So the other day I went to the mall in search of a pair of sunglasses. I already have three pairs, but the two I like to wear are missing, and of course, the only pair I can find are the ones that make me look like a futuristic NASCAR fan. While at the mall, I saw they had a couple of sports memorabillia tables, card & autograph dealers, and the odd crate of Beanie Babies set up in the food court. It was a welcome diversion from the sunglasses mission, which I was failing.

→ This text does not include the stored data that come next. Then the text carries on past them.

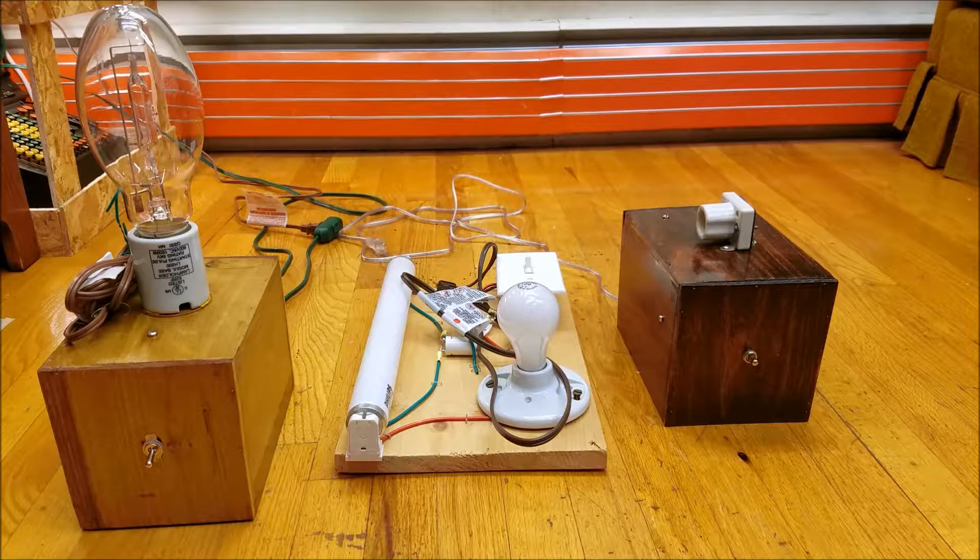We'll start with the high-pressure mercury lamp on the left, which I used in my previous video. I was reading that you can use metal halide ballasts to drive mercury vapor lamps, but you cannot use the mercury vapor ballast to drive metal halide lamps. The reason is that metal halide lamps have a higher starting voltage than mercury vapor lamps. Today I'm going to try driving the metal halide lamp off the mercury ballast using a variac to boost the input voltage.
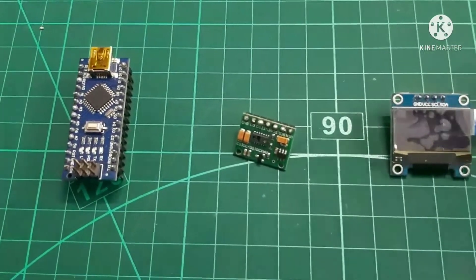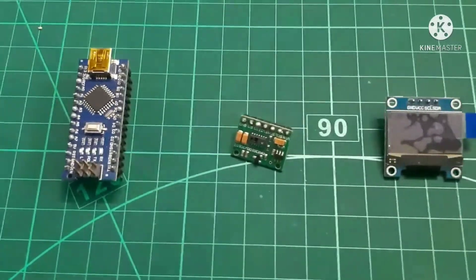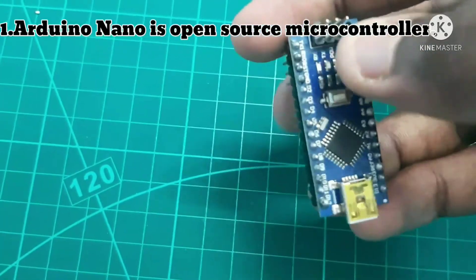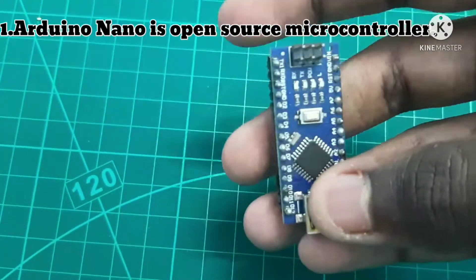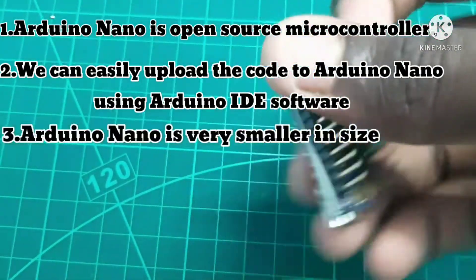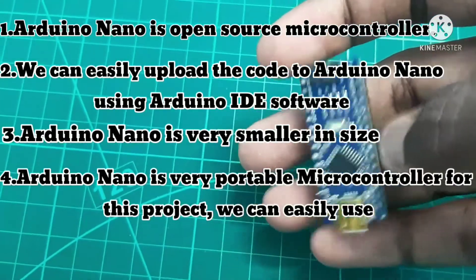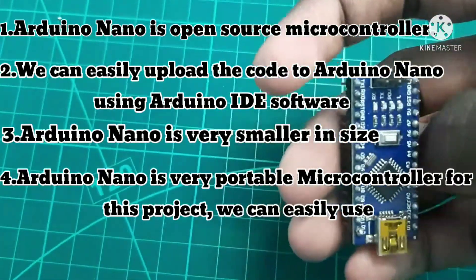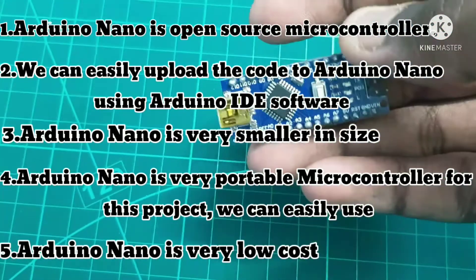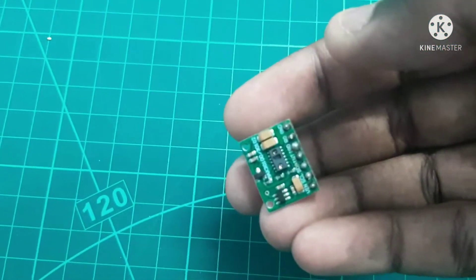First of all we should know why we are using particular hardware for this project. Arduino Nano is an open-source microcontroller and we can easily upload the code using Arduino IDE software. Arduino Nano is very small in size and very portable for this project, and it is very low cost — we can easily buy it and upload the code using Arduino IDE software.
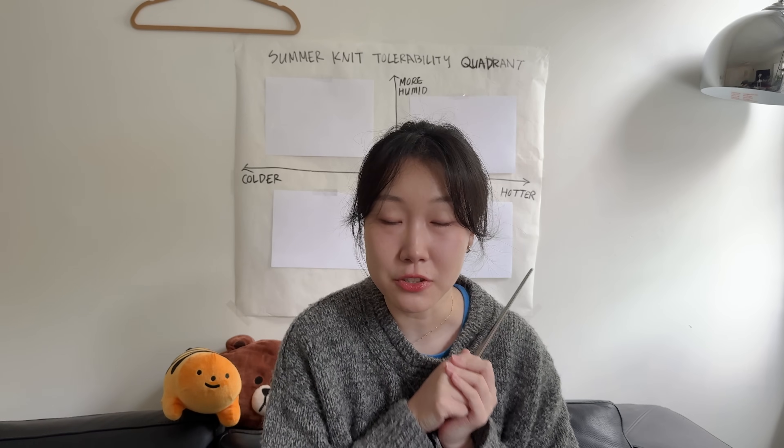Hello everyone, welcome to Future Fiber Workshop. Thanks for joining us today. Today we're going to be talking about summer knits. I was doing a little bit of a closet clean out and noticed that I have a lot of summer knits that I made over the years, and it might be a nice idea to do a recap of all the things that I've made for the summer, even though you've seen them in different videos already. Maybe this will help you in making some decisions about what patterns you want to knit this year.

Having already achieved my life’s dream of owning complete sets of Topps Nintendo Scratch Off Cards and Topps Teenage Mutant Ninja Turtles cards, I wasn’t too interested in the tables. Most were sports-related, and I’m not a sports collector. Behind most of the tables sat your scraggly-haired fat guys, guys who have taken the chosen profession of sport and non-sport card dealer. These guys are the bottom rung of the collectables vendors–comic book sellers are like the slacker rock stars, record & music memorabilia dealers are the asshole-chic, but card dealers? They’re just creepy, always with that 1000-yard stare.
I was breezing past the tables until I hit one table, where a man handed me a baseball card, saying, “here, have a free card.” I was both mortified and thrilled–on one hand, I had to interact with him now, and on the other hand, I had a free thing. I love free things! But ugh, now I had to say something. I thanked him and took a look at my card. Dusty Baker. Outfielder. Dodgers.
“Cool, thanks,” I said.
“Yeah, my son wrote on the back of all of them when he was a kid,” he said, smiling. He laughed. I forced a laugh too. Kids.
“My son’s dead now.”
“Oh, I’m uh, er, sorry,” I said.
“Yep, this is his collection. I don’t even know anything about any of this stuff. I just want it to go to a good home,” he said. “What do you collect?”
“I, uh, you know, a little bit of everyting.”
I stood there awkwardly, not wanting to appear heartless, now forced to feign interest in his table, holding his dead kid’s baseball card in my hand. Maybe it was meant to be–that his son drew me to this table, that I had this special card–all of it imploring me to buy something more. I would take care of it, and I would always remember that dead little boy.
I looked at an Exxon Gas Station baseball. I’m a sucker for an orange ball with tiger stripes. I wanted the Exxon Tiger ball, but not for $12. Oh well kid, I can’t afford to honor your memory. I walked away, thanking the man again, feeling like he’d given me something special, something with his own child’s handwriting.
I’d keep it in my wallet. Dusty Baker, Lucky Dusty. Outfielder, Dodgers. If anyone ever asked, (which no one ever would,) I’d tell them this wonderful story about fathers and sons, cards and baseball, life and death. Later I went to show the card to the girlfriend, and although she definitely didn’t ask, I was about to tell her the magical story of growing up and collecting, peanuts and crackerjacks, and the moment I shared with the card dealer at the mall. But as I pulled it out of my wallet, I noticed the dead boy made an odd marking on the back of the card:
He signed the card Harriet Baker. Who is Harriet Baker? Wait, that’s not a dead boy’s name. That’s the name of a little girl, pretending to sign her married name to the player on the front, Dusty Baker. I got the feeling there was no dead son, no son at all. There was just a creepy dealer with a 1000-yard stare, giving away a bunch of cards he found in the back-lot dumpster of the Fire Hall from the last card show.
So then this card has a different story, Harriet’s story. She signed her name to the back of all the cards, changing the last name with each player, just to see which one sounded best. Either that, or Harriet had a crush on the ugliest dude on the ’81 Dodgers lineup.
Either way, she’d save the gum for last. That waxy piece of gum was the best part. She’d try to blow bubbles, but it never worked with that crap gum. It would lose flavor and she’d spit it out after a minute. It never lasted long enough and that was her one regret when buying these cards.